The Instituto Costarricense de Electricidad (ICE) announced the end of an era by ruling out the construction of more of its own hydroelectric plants; a decision that could lead to a reduction of electricity rates in Costa Rica.

View of part of the Reventazón Hydroelectric plant on September 16, 2016 when it was inaugurated. Its initial cost was US$757 million and ended at US$1.567 bllion (107% difference) which impacted the financial balance of ICE and electricity rates. / Photo: Alonso Tenorio.

The decision was applauded by the industrial sector that has historically criticized ICE for the high cost of its investments and its impact on electricity rates.

Hazel Cepeda Hodgson, ICE general manager, confirmed that the entity does not foresee new own power generation works for at least seven years.

The forecast is that it will be until 2027 when ICE will review if it is necessary to increase the capacity for generation and if so, it will most likely opt for geothermal generation.

“Although ICE will not enter into the construction of new projects in the coming years, the analysis and planning of the energy matrix dictates that by 2027 we review whether we should undertake a new project at the end of the useful life of some of our plants. If so, it would be in geothermal energy where there is great potential,” Cepeda explained in an interview with La Nación on January 23.

When asked if this implied for the ICE to give up new hydro projects, Cepeda replied: “Definitely.
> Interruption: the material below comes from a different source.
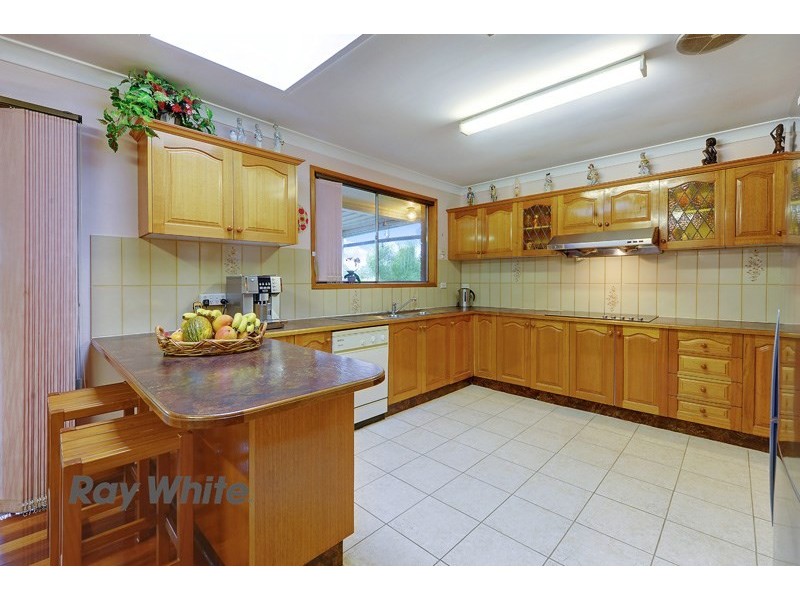 19 Ebony Avenue, North Rocks NSW 2151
What we will work on will be research and development very cautiously in geothermal energy”.

In the country, there is a capacity to develop hydro projects but the majority of rivers are located in indigenous territories or national parks; a circumstance that legally prevents ICE from carrying them out.

For now, the Instituto plans for the year 2034 the possible expansion of six of its own geothermal parks and once in operation, a wind farm of its own (there are another six planned, but with private capital) and two private solar projects.